(a) Field of the Invention
This invention relates to belt drive systems for transmitting power with a drive belt.
(b) Description of Related Art
In drive systems using a flat belt, the flat belt when running often causes wobbling and sidetracking towards one side of the pulley. This is because a flat belt is susceptible, as compared with the other kinds of drive belts, to position changes of drive system components, such as deviation of a pulley shaft from its normal position, deflection thereof due to change in radial shaft load, and pulley wobbling. If such a belt wobbling or sidetracking occurs, then the flat belt may come into contact with a flange of the flat pulley, resulting in a fuzzed flat belt side face or a frayed cord.
A known approach to this problem is to crown the outer periphery of a flat pulley (i.e., to form it into a convex surface). There is also a proposed technique to form the crown at the outer periphery of a pulley into the shape of a sphere around the rotation center of the pulley (see, for example, Japanese Unexamined Utility-Model Publication No. 59-45351). This proposed technique is intended, when a tension difference arises between the right and left portions of the flat belt to cause an inclination of the pulley shaft and its attendant deviation of the flat belt to one side of the pulley, to take advantage of rotation moment acting on the pulley by tension of the flat belt to eliminate the inclination (angular deviation) of the pulley shaft and the deviation of the flat belt.
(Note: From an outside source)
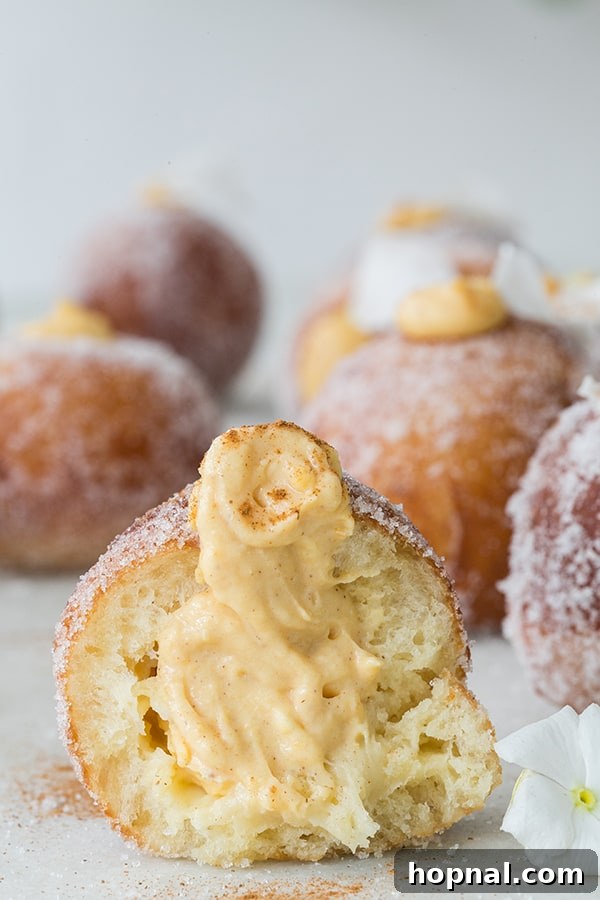 pastry cut in half to show filling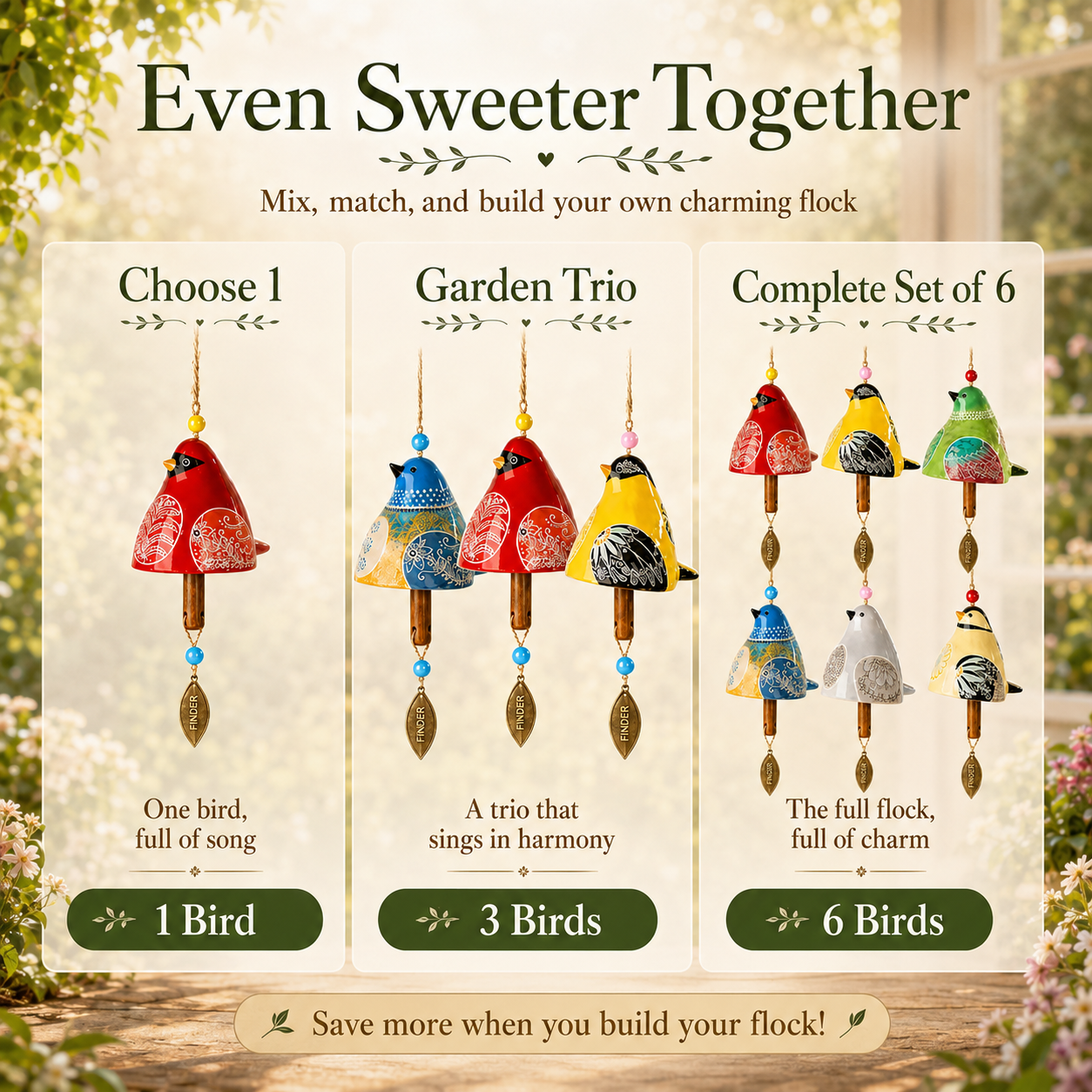 50% OFF!Hand-Painted Resin Bird Wind Chime, Colorful Folk Art Garden Hanging Decor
There is also known a flat pulley the outer periphery of which has a multiplicity of grooves formed at regular intervals along its circumference (see, for example, Japanese Unexamined Patent Publication No. 6-307521). Each groove extends to form a V-shape symmetrically from the middle of the pulley width toward both sides. These grooves create between the flat belt and the pulley a frictional force which allows the flat belt to approach the middle of the pulley width, thereby preventing wobbling and sidetracking of the belt.
There is still also known a technique to place guide rollers to both sides of a flat belt and thereby limit the running position of the flat belt (see, for example, Japanese Examined Utility-Model Publication No. 63-6520).